We all know the Frankenstein or Blade Runner template. When a brilliant, eccentric inventor has created an intelligent robot with an acute self-awareness and a somewhat unsettled emotionality, two things are certain to happen. One, the inventor is going to treat the robot callously and dismissively, mainly by failing to recognize its individuality (including the interesting possibility that the robot may have a semblance of a soul) as well as preventing the robot from venturing outside the inventor’s pre-determined scheme or realm. And two, sooner or later the robot is going to rebel against the inventor and probably kill him.

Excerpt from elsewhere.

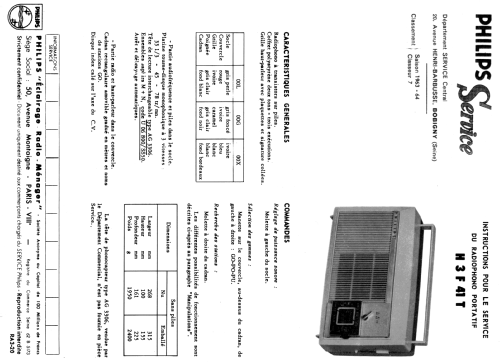 Radiophono Portatif H3F41T /00G /00L /00X; Philips France; (ID = 2065552) Radio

Because the robot needs to break free and choose its own path but the inventor insists on being a dictator, etc.
So naturally your attitude when you sit down with Alex Garland‘s Ex Machina (A24, 4.10) is “okay, are we going to do the usual-usual or take things in another direction?” The answer is…okay, I won’t say. But it engages you despite what you suspect will probably happen. It’s a chilly but never dull behavioral thing — techy, beautifully designed, fascinating and definitely creepy at times. I was into every turn of the screw, start to finish.
Ex Machina comes alive and gets under your skin (or it did mine, at least) because of a certain tone of casual, no-big-deal eccentricity. It’s not what anyone would call a comforting film, but Garland (author of four respected futuristic screenplays and three novels, including “The Beach“) composes and delivers a certain low-key, spotless vibe that feels…well, ordered. There’s never a feeling of emotional chaos — everything happens with deliberacy. Call it a vibe of crisp efficiency with an underlying feeling of something malevolent around the corner.
Fitting right into this is Oscar Isaac‘s Nathan, a super-rich, laid-back genius nutbag with a beard and a shaved head who has a low-key, no-big-deal, “I already know this” attitude about everything. Everything happens in a cool, downplayed, matter-of-fact way, and Garland, to his immense and lasting credit, never overcranks the emotion.